The Publish in DISQOVER component can publish Remote Data Sets. Each Remote Data Set is based on a Canonical Type and is configured in a Configure Canonical Type component.

If you want a Canonical Type to be published as a Remote Data Set, you have to turn option Publish for Remote Data Subscription on in the Configure Canonical Type component, and execute the pipeline with the option Publish for RDS on.

The name of the Remote Data Set is the last part of the URI of the Canonical Type. For example if the URI of a Canonical Type is http://my_company.com/ct/Person then the name of the Data Set will be Person. It is possible to override this behavior and specify an explicit name in option Data Set Name.

Instances

All instances of the Canonical Type will be published in the Remote Data Set. When importing the Remote Data Set each instance becomes a resource.

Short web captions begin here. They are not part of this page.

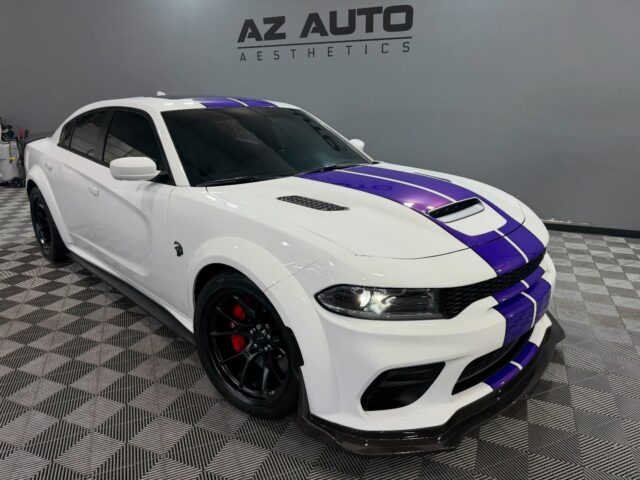 😈Power Up Front. Protection All Around.🛡️

This 2022 Dodge Charger came in for a full treatment focused on both protection and presence. We started with a paint correction to clean up the factory finish, followed by @feynlab Ceramic Ultra V2 to lock in gloss, depth, and long-term protection.

From there, we added our Full-Front Coverage Option using @xpel Ultimate Plus Paint Protection Film, along with optional protection for the A-pillars, roofline, door cups, sills, rear rock guards, and splitter—covering the high-impact areas that see real wear.

To finish it off, we installed a custom dual purple vinyl stripe for a bold, personal touch and applied our 5-Window + Windshield Ceramic Tint using @xpel XR Prime Plus for heat rejection, UV protection, and daily comfort.

The result: aggressive looks, thoughtful protection, and a Charger that’s built to be driven without showing daily imperfections. 

Looking to protect and personalize your vehicle the right way?

📞📲 Call or DM us today to book your Paint Protection Film, Ceramic Coating, Tint, or Custom Vinyl! 📞📲

Az Auto Aesthetics
7613 E Ray Rd #114, Mesa, AZ 85212
Open: M–F 8:30–6 PM | Sat 9–2 PM
https://wedetailaz.com
📞 (480) 241-9324

#charger #xpel #feynlab #ppf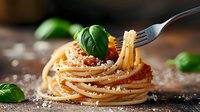Twirled spaghetti pasta with tomato sauce and fresh basil leaves on rustic wooden background, garnished with grated parmesan cheese and fork lifting noodles.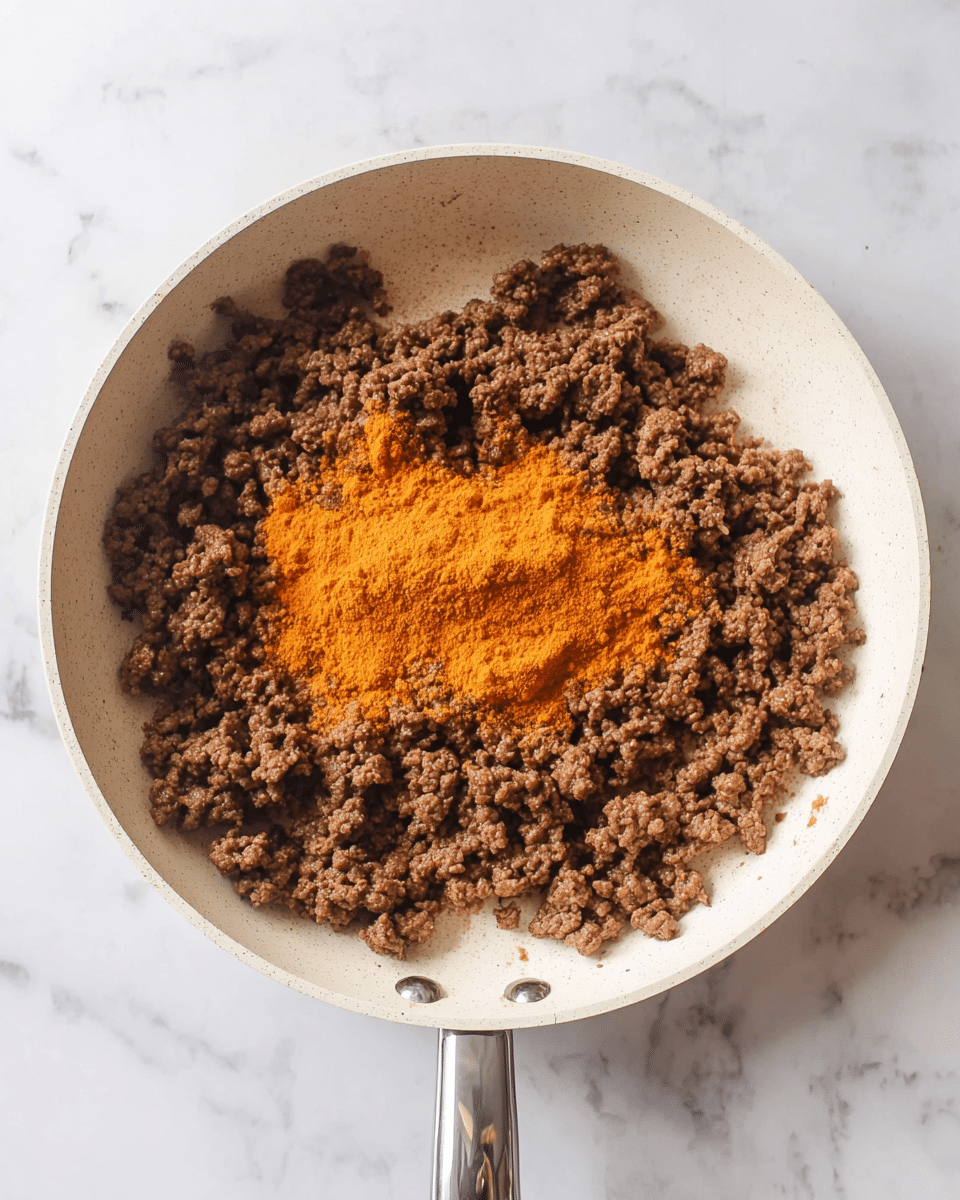 A white frying pan filled with cooked ground beef that is brown and crumbly, covering most of the pan's surface. In the center of the pan, there is a heap of orange-colored powdered spices sitting on top of the beef. The pan rests on a white marbled surface, and the handle extends towards the bottom of the image. photo taken with an iphone --ar 4:5 --v 7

Recall that a Canonical Type can be populated with instances from multiple classes, as specified in the options Resource Types and Classes. In the most common case all instance stem from a single class.

Important remark: In a pipeline it is possible that an instance is included in two (or more) Canonical Types (for example an actor might be present in Canonical Types Person and Actor). If both Canonical Types are published as Remote Data Sets the instance data will be duplicated. That is not a problem as such, but if both Remote Data Sets are imported in an importing pipeline, then that pipeline will end up with resources with the same (preferred) URI and (preferred) label in two classes. This is likely to cause problems in the importer’s Publish in DISQOVER component, unless appropriate countermeasures are taken, such as merging both classes or removing the duplicates.

Predicates based on Properties

By default each property becomes a predicate in the Remote Data Set, unless you turn off option Publish for Remote Data Subscription for that property. The name of the predicate is the last part of the property URI. For example, if you have a property with URI http://my_company.com/prop/Person/first_name then the predicate name will be first_name.

For each instance the value of an RDS predicate is the concatenation of the values of all predicates of the corresponding property. For example, suppose property http://…/first_name has predicates name.lit and nickname.lit, and for some instance the value of name.lit is [‘Thomas’, ‘Tom’] and the value of nickname.lit is [‘Tommy’], then the value of the published RDS predicate first_name.lit will be [‘Thomas’, ‘Tom’, ‘Tommy’].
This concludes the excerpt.